# Painting Limestone Bock



## Colorful Cans (Oct 16, 2009)

*Painting Limestone Block*

I have a customer who wants to paint his limestone bock exterior. Basically this is a 30 year old house, the exterior is partially limestone block. The limestone is stained in some areas, other areas have some mold on them.

There is another house in the neighborhood that had the limestone coated. We drove by that and took a look, it was painted white, almost a primer look to it.

I'm don't know what product to use. I checked with the manager at my SW store, he called someone and said that they did not have anything for Limestone.

Anyone know what product to use on limestone? There must be something out there.

Unfortunately you can't change misspellings in titles.... Obviously should be Block.

Thanks.


----------



## painterman (Jun 2, 2007)

Do a search for Mineral Paint .... Eco House... I think that is what you need.


----------



## Andyman (Feb 21, 2009)

What about powerwashing with Krud Kutter to make the limestone look new again? Sounds like it is just dirty to me. Otherwise just prime and paint it with something masonary like.


----------



## Colorful Cans (Oct 16, 2009)

Thanks, the mineral paint has some potential, Keim seems to be the only folks that produce it and I have a call into them. Eco House also looks like a viable solution, anybody ever use this type of Silicate Dispersion Paint?
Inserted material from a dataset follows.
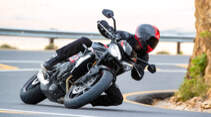 Triumph Street Triple R  Sperrfrist 11.2.13.00 Uhr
In this customers neighborhood, there was another house that had this done to their Limestone about 15 years ago, it still looks good and my customer likes the look (can't say I agree, but...). Anyway, I'm reluctant to just throw anything on there as I want to make sure it lasts. Sherwin Williams does not offer any type of product that they would recommend using on Limestone (according to their data sheets). I'm relatively confident that masonry primer and then paint would probably work, but want to use something that a manufacturer would stand behind.


----------



## Diversers (Aug 2, 2009)

It's a masonry cleaner made by a company called Dumond Chemical, there the same company that make Peel Away. This stuff is amazing, it cleans just about an stain off. I wouldn't recommend painting Limestone or any stone unless the owner insist. Loxon Primer should do the trick, or Bonding primer. Something that would stick to a surface with high ph


----------



## NCPaint1 (Aug 6, 2009)

Check out this link, I added it in the "elastomerics" post. It may work for this application.

www.creto.net/products/deep-sealer.php


----------